PROBLEM STATEMENT
Each record should be written out exactly as it stands.

Short web captions
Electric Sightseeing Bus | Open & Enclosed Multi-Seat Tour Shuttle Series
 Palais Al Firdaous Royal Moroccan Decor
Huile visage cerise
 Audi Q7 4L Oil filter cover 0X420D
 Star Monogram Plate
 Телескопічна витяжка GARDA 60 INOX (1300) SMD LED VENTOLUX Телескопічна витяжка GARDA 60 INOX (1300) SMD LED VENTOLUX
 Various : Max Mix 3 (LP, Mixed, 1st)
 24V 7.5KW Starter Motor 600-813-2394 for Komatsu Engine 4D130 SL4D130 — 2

ANSWER AREA
Electric Sightseeing Bus | Open & Enclosed Multi-Seat Tour Shuttle Series
 Palais Al Firdaous Royal Moroccan Decor
Huile visage cerise
 Audi Q7 4L Oil filter cover 0X420D
 Star Monogram Plate
 Телескопічна витяжка GARDA 60 INOX (1300) SMD LED VENTOLUX Телескопічна витяжка GARDA 60 INOX (1300) SMD LED VENTOLUX
 Various : Max Mix 3 (LP, Mixed, 1st)
 24V 7.5KW Starter Motor 600-813-2394 for Komatsu Engine 4D130 SL4D130 — 2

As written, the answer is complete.